Within his preferences were: reading, watching
scientific shows (from somewhere I had to get my love for science) and the math.
Is curious, because sometimes I feel that I have many things about him (he was
very fluent and eloquent when he had to debate or present an idea). When he passed
on the very next days I could listen in my mind his voice and I knew what he
would say in front of a determinate situation.
I didn't have a grandfather who hugged me or
told me that he loved me every time he saw me, my grandfather was a person who
was concerned about our education, so he always took great pains to teach us
and insisted the importance of being professional, THAT WAS HIS WAY TO LOVE US.
This is something that I call a love with a purpose, sometimes you love people
because that is what your heart feels and you always want beautiful things
happen to them and you don't pressure them to make decisions in their lives, a
love without expecting anything back. On the other hand my grandfathe's love
had a goal and it was to become you the best version of yourself.
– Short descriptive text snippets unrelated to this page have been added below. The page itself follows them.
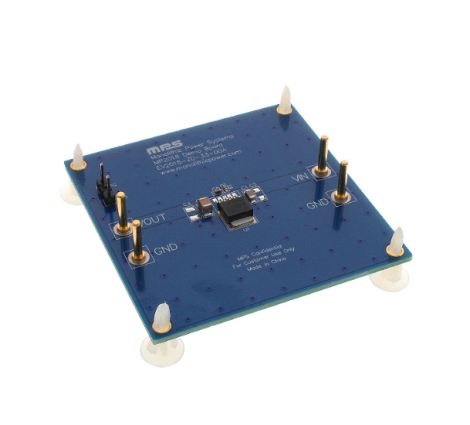 EV8801DJ-00A | MPS | Плата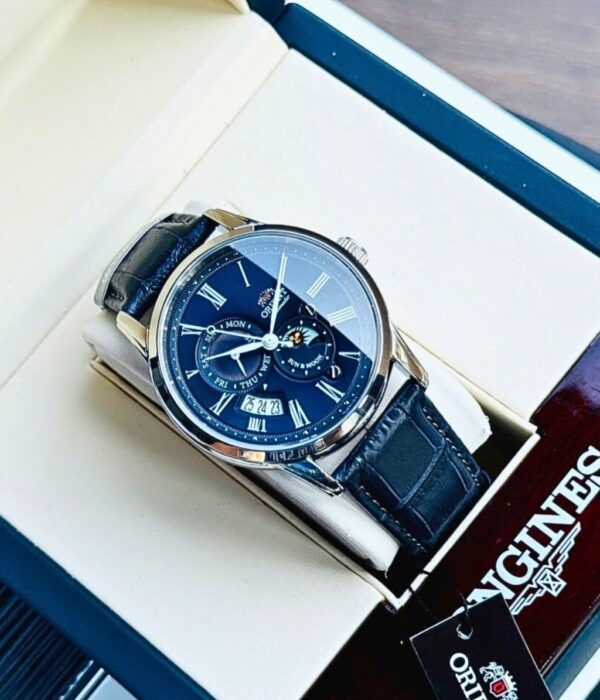 Hình ảnh Orient Nam RA-AK0011D10B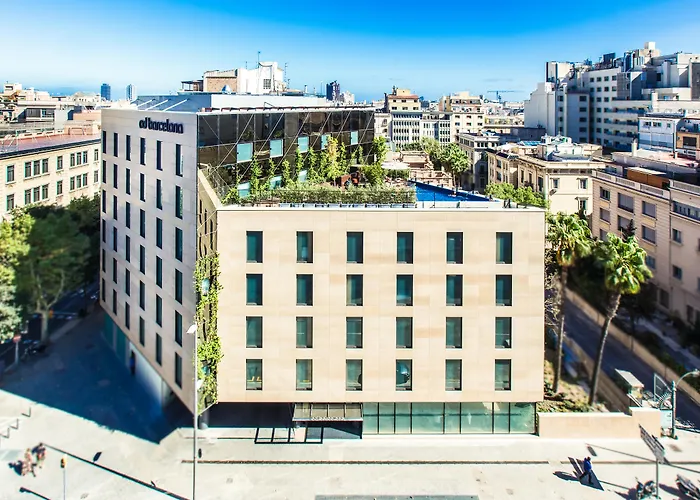 OD Barcelona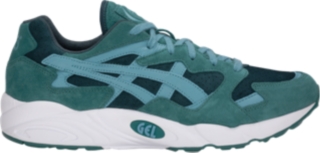 Asics cheap diablo gel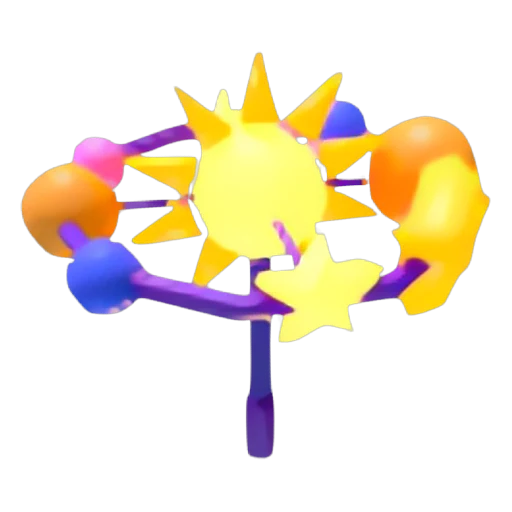 Galaxy Propeller in Adopt Me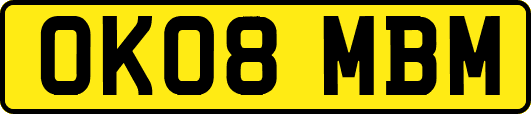 OK08MBM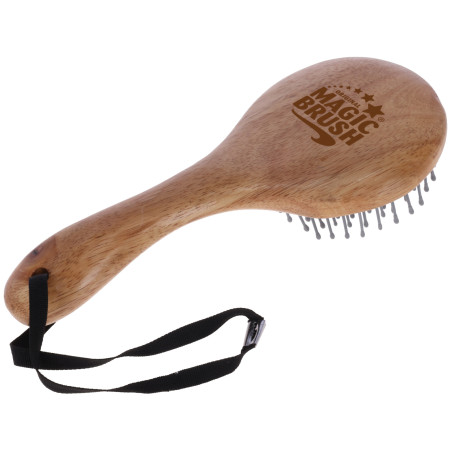 Manen- en staartborstel Magic Brush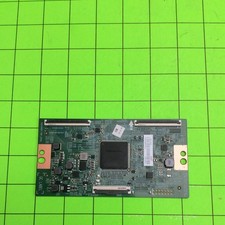 Hisense 75U6HF TV Television T-CON Board RSAG7.820.13009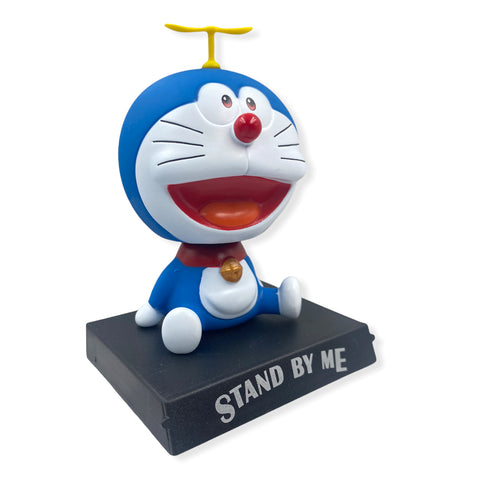 Doremon Bobblehead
In that way
he taught us about spirit, intellect and life.
He wasn’t perfect, he used to mention his
defects and its consequences, he was irritable and stubborn as well, but I
could say that he was one of the first men that taught me the equal rights and also
as women, we´re going to face many life situations that could be unfair but
that we could handle better if we are professionals.
I was afraid of my grandfather (that was weird
because he always was flexible with me and very permissive as regards issues of
studying or games, but when I was a child I confused the respect with fear)
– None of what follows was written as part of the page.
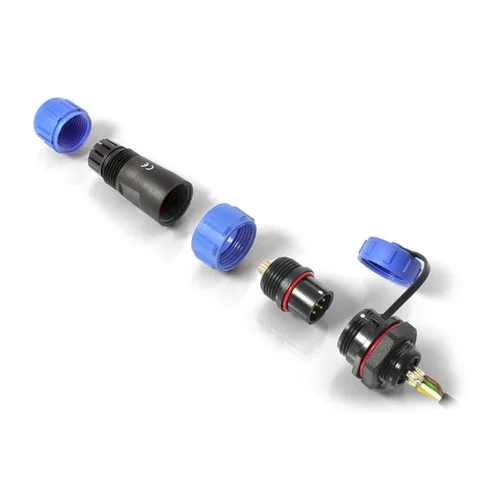 Адаптер питания QuPS4 4-PIN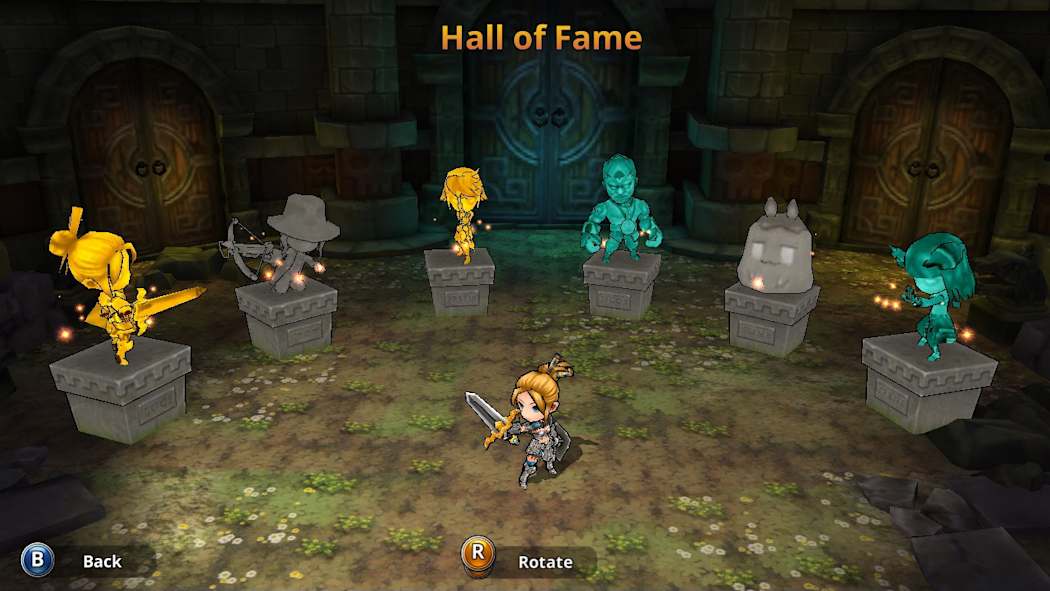 Demong Hunter 8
Similarly I loved him a lot because I saw the beautiful connection he had with my
dad, when I saw them talking and I noticed how my dad laughed I knew that it
was love and complicity. One of the moments that I keep in my heart was the
time that I wanted to change my career, instead of judging me or taking away
his support, he told my dad if it is what I loved and wanted to do he
shouldn't push me to study something I
wouldn't be in loved with. And he
explained him all the specializations and different fields I could work on, it
truly meant a lot for me.
When his arrival time from work was near,
around 6-7 pm, I was always afraid I hadn't learned my lesson properly or that
I wasn’t behaved good enough, I thought he would reprehend me (he never did it,
not a single time) and looked through
the wall outside anxious to see if he was walking home.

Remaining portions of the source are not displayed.